Isolation of Human Placental Cathepsin D

The human placental cathepsin D is isolated according to the protocol of Huang et al. (1979) with a few modifications.

All steps were carried out at 4o C.
 

Approximately 300 grams of tissue frozen at -70 deg is crushed and then homogenized in a Waring blender in 600 ml 10 mM Tris-HCl pH 7.4, 0.5% Brij 35 containing protease inhibitor cocktail 1,10 phenanthroline, PMSF, and leupeptin (not pepstatin!).

Centrifuge at 10000 rpm for 0.5 hour (GSA rotor 8k rpm)

the supernatant was adjusted to pH 3.7 with 5.7 N HCl

Add sodium acetate crystals to 0.1 M and adjust to pH 5.2 with HCL.

Centrifuge at 10000 rpm for 0.5 hour

Apply the supernatant to a pepstatinyl-agarose column (7-10 ml bed volume) pre-equilibrated with 0.1 M sodium acetate pH 3.5, 0.1% Brij 35, 1 M NaCl.

Wash the column with the equilibration buffer until A280 reaches baseline and elute with 50 mM Tris-HCl, pH 8.1 , 0.1% Brij 35, 1 M NaCl. Active enzyme elutes with the pH change. Slow elution is essential! Fast elution will dilute the enzyme. For the Gilson Rabbit pump use blue/yellow tubing at a setting of 25 (about 0.2 ml /min).
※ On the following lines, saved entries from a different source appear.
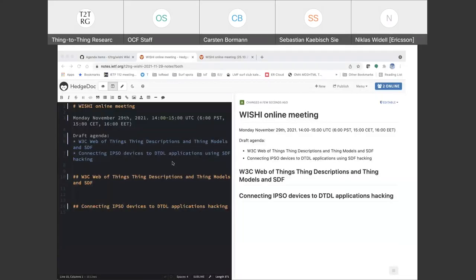Good. Any questions or comments on the proposed agenda? Okay, then perhaps we can get going. So, Sebastian, I don't know if you had anything prepared for the previous meeting you would like to get going directly, or is it easier to start with an overview of what is the latest in the TD and TM happening? How do you think is the best way to run this?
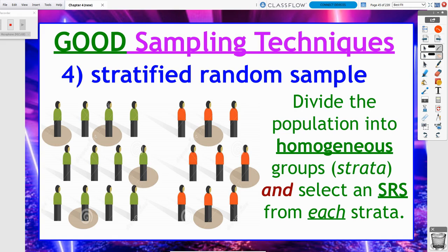So notice I've got my green shirt people and my red shirt people, so I've divided them by a homogenous or similar characteristic. All my green shirt people are over here, all my red shirt people are over here. And once I've split them into these strata, I need to take a simple random sample from each. So I'm doing multiple simple random samples.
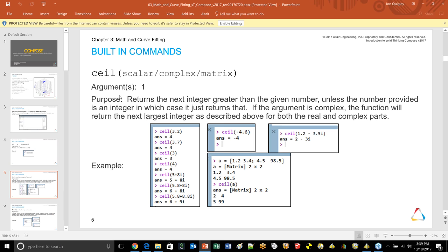General math functions accept individual numbers, complex numbers, or matrices — row vectors, column vectors, or full matrices — and by default apply to every member of whatever is passed in. The ceiling function returns the next integer toward the positive part of the number axis, greater than the given number, unless the number is already an integer. For complex arguments, it acts on both real and imaginary parts simultaneously.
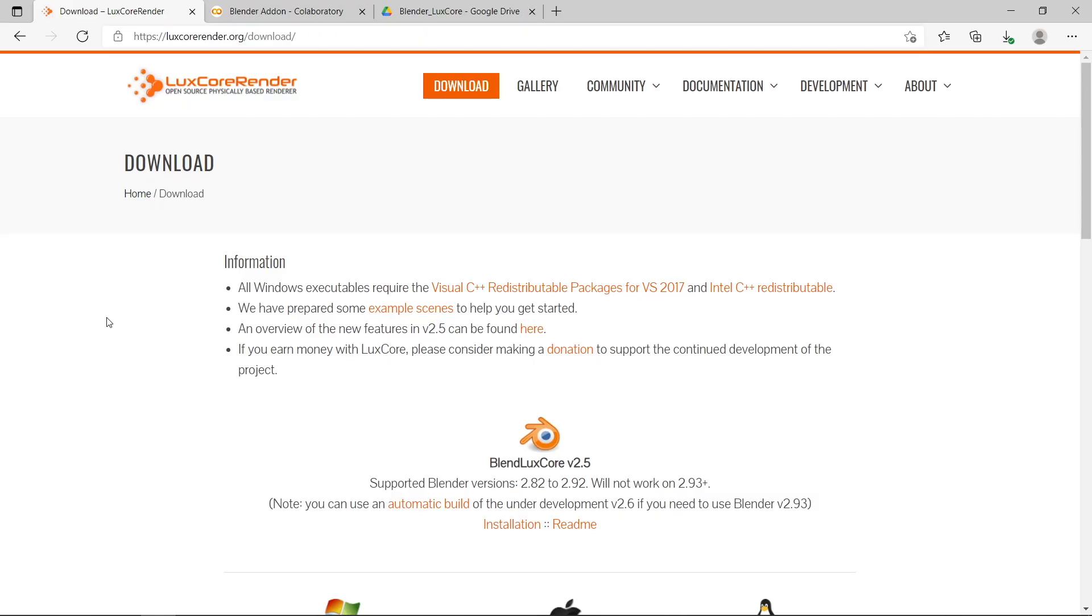I've been meaning to try LuxCore renderer for quite a while now, so I decided to try it out for this tutorial. So let's get started. For this tutorial I'm just going to use the LuxCore renderer as my example add-on that I want to install on Blender on Google Colab.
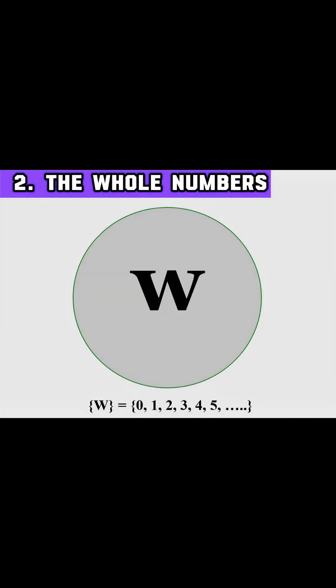Next up we have whole numbers. This set includes all natural numbers plus zero. So it's zero, one, two, three, and continues infinitely.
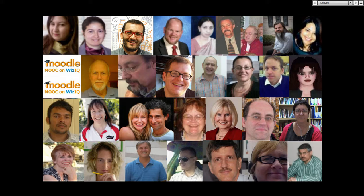Hello everybody, and welcome to the final week of Moodle MOOC 3. This is Nellie Deutsch, and I'm going to be moderating for Graham Stanley, who's right there behind my little webcam.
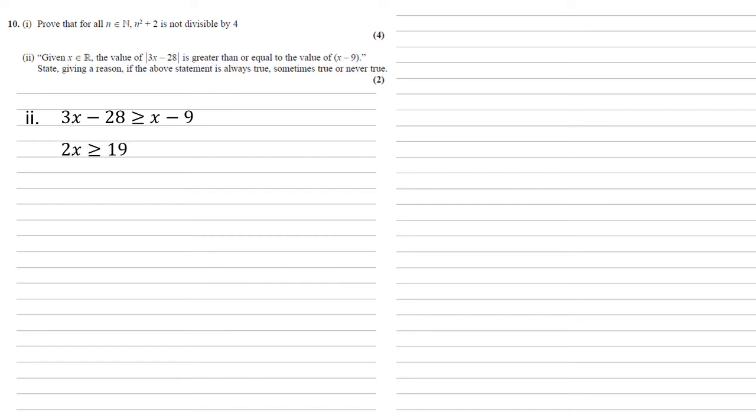Removing x from both sides, adding 28 to both sides gives us that 2x is larger than or equal to 19, hence x is larger than or equal to 9.5.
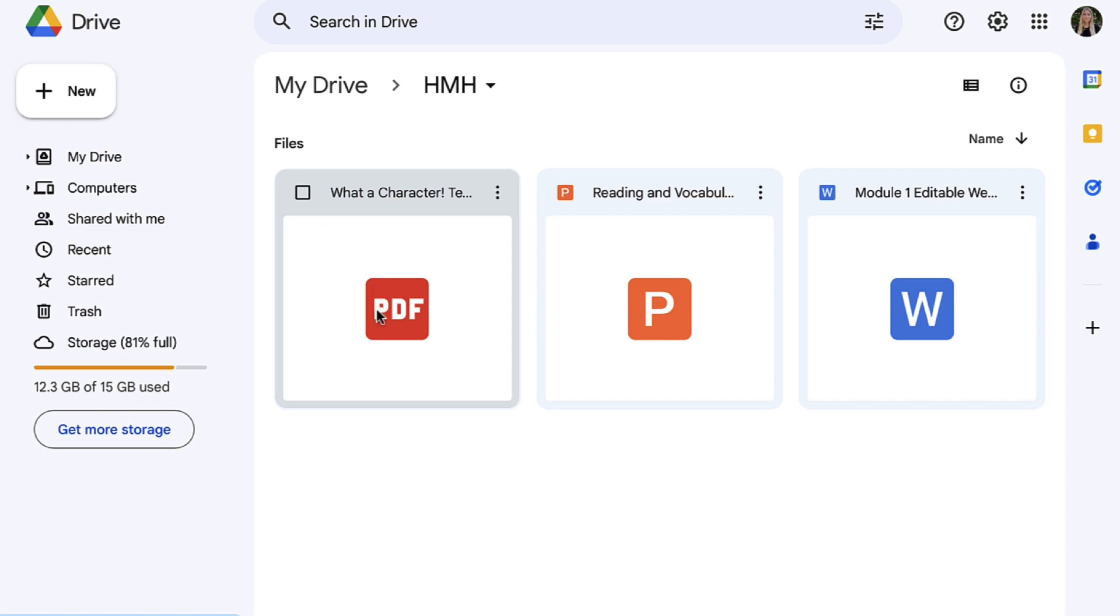And from here, you can move, sort, print, and organize these resources as you please.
Collect 2.5 ml fractions. Pool active fractions.

Dialyze against 0.05 M NaPO4 pH7.0, 0.1 M NaCl, 0.1% Brij35

Apply to DEAE Sephacel (3 ml bed volume) pre-equilibrated in 0.05 M NaPO4 pH7.0, 0.1 M NaCl, 0.1% Brij35.

Collect flow through -

Read A280, assay, run on gel


PREPARATION OF PEPSTATIN AGAROSE

(from Huang et al J. Biol. Chem. 254, 11405-11417 (1979))
 

Materials:

Aminohexyl agarose (Sigma # A6017) = AH-agarose
Pepstatin A (Sigma# P4265)
N,N dimethyl formamide (Aldrich Gold, stored over molecular sieves for drying) = DMF
N,N dicyclohexyl carbodiimide (Aldrich ) = DCC
N hydroxysuccinimide (Aldrich) = NHS
Dioxane (Aldrich Gold, stored over molecular sieves for drying)
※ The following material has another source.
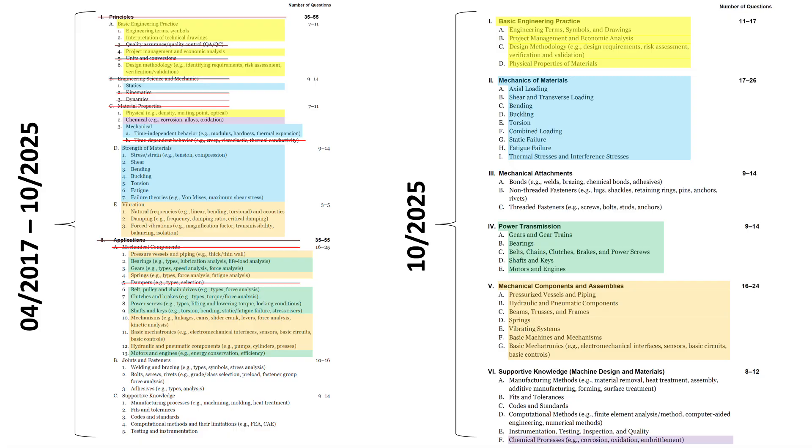Mechanical components, mechanisms, gears, bearings, belts, shafts, that kind of thing, all gets absorbed into power transmission or mechanical components and assemblies. And so you can see the different coloration on the screen of what goes where, but there is no explicit mention of dampers. So that's why I have that one crossed out.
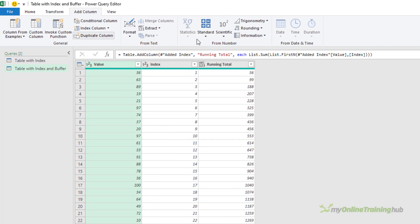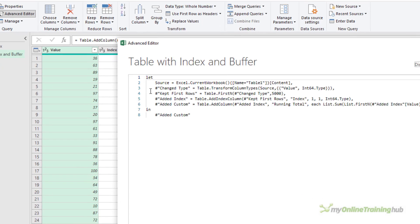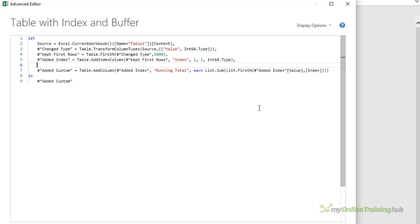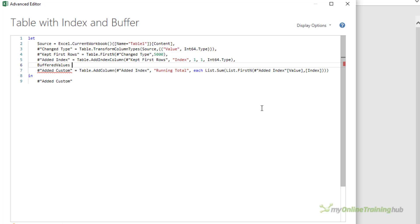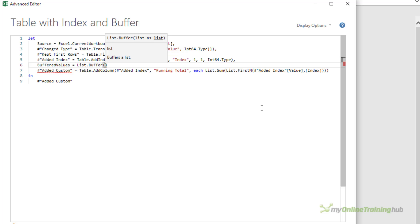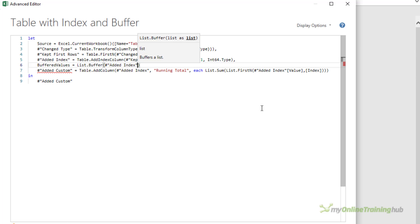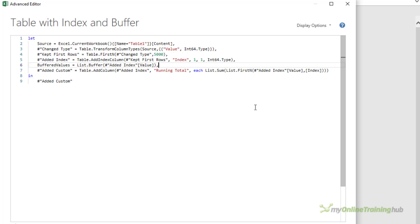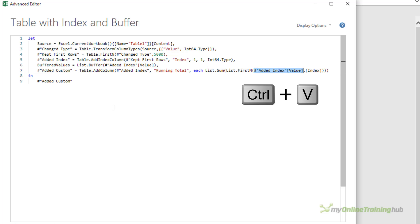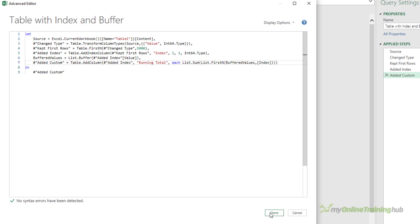And then in the advanced editor, I can add a line to buffer the list. So after this line here, I want to add in my buffer. We'll call this step buffered values. So list.buffer is just referencing the previous step and it's grabbing the value column from that step. Then I can copy this name. And in the last step, I want to replace the reference to the added index step with my new buffered values list. And that's all we need to do. I'll click done.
Pepstatin approx 25 mg/mL in 1mL of DMF 36 µMoles

add the following at 2moles/mole of pepstatin

DCC in DMF 72 µMoles 15.1 mg
NHS in DMF 72 µMoles 8.3 mg
DMF to final volume of about 12 ml

mix over night at 4o - We use a Pierce reacti-vial or something like that, remember everything is water free as much as possible! DMF stored over molecular sieve.

AH agarose (5-10 uMoles/ ml) gently suction filter (scintered glass frit M or C) do not dry it out.
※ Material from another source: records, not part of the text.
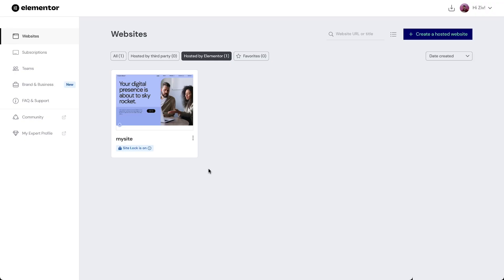There are a couple of ways to clone your website. Let's start with the option to clone from the website card. In our Elemental dashboard, find the website card of the site we want to clone.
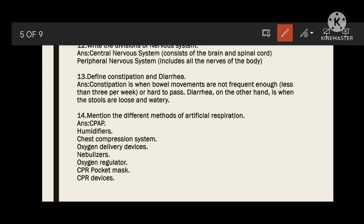Define constipation and diarrhea. Constipation is when bowel movements are not frequent, with hard stools. Diarrhea, on the other hand, is when stools are loose and watery.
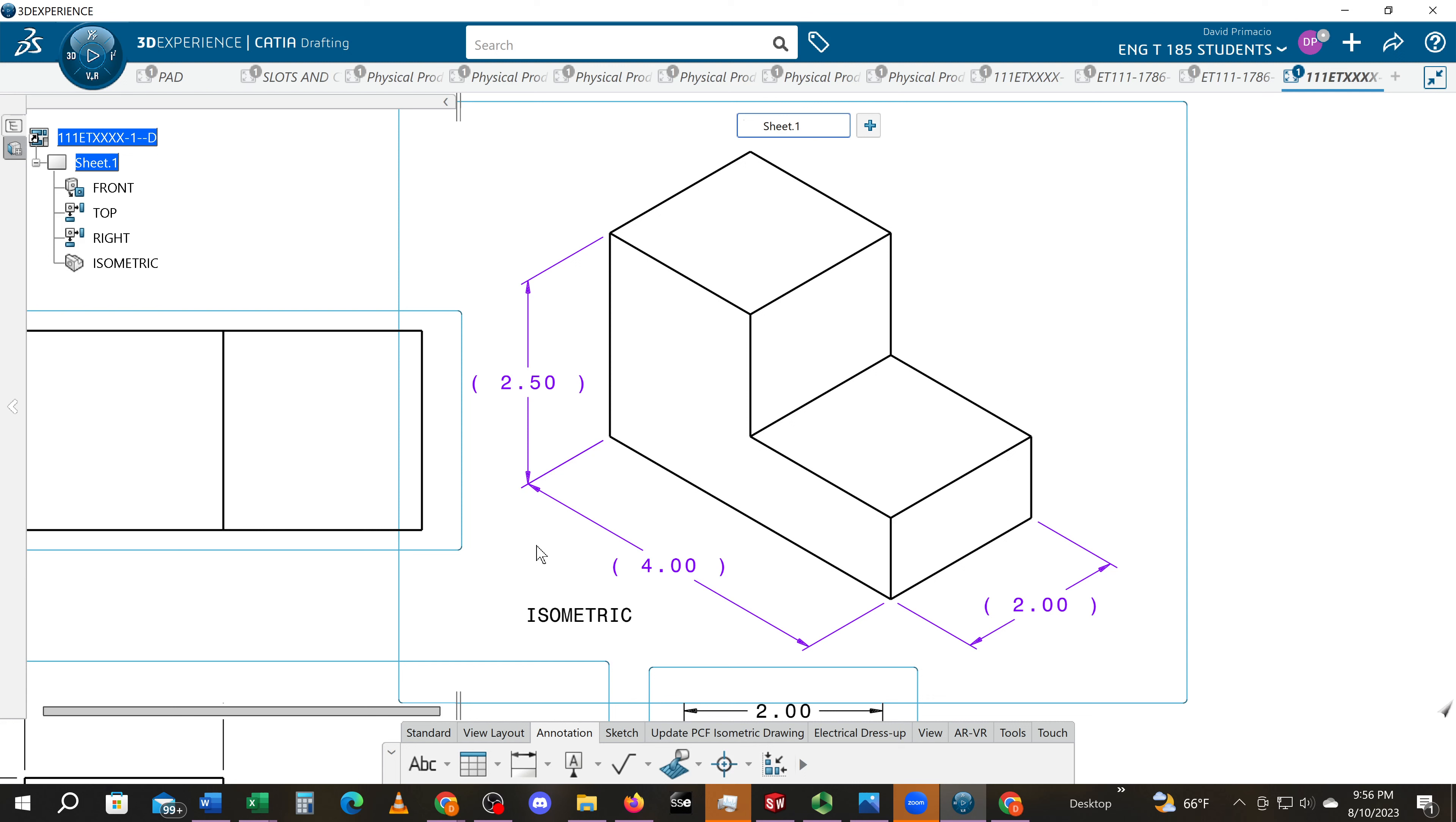I really like it because I think it makes it nice to see and gives you those overall dimensions—dimensions of how big your part really is.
weigh out about 20-30gms (wet weight) i.e. about 4 fold molar excess of ligand on the bead

Wash the beads with dioxane to remove water

Resuspend beads in 10 mL of dioxane , then add to activated pepstatin, mix overnight at room temp.

Wash beads in scintered glass funnel with:

1L of 1:1 dioxane:DMF

3L of dd H2O

2L of 50mM Tris pH 8.5, !M NaCL

1L dd H2O

1L of 50mM Na Acetate pH3.5, 1M NaCl

beads are now ready to use

for storage at 4o wash with 2L of 5mM Na Phospate pH 7.5

resuspend in equal volume of 5 mM Na Phosphate and add NaN3 to 0.02%

Note it is difficult to determine the amount of pepstatin bound per mL of gel. Accurate determination requires measurement of depletion of pepstatin from the reaction mixture. Best to test the beads' ability to bind and elute enzyme activity.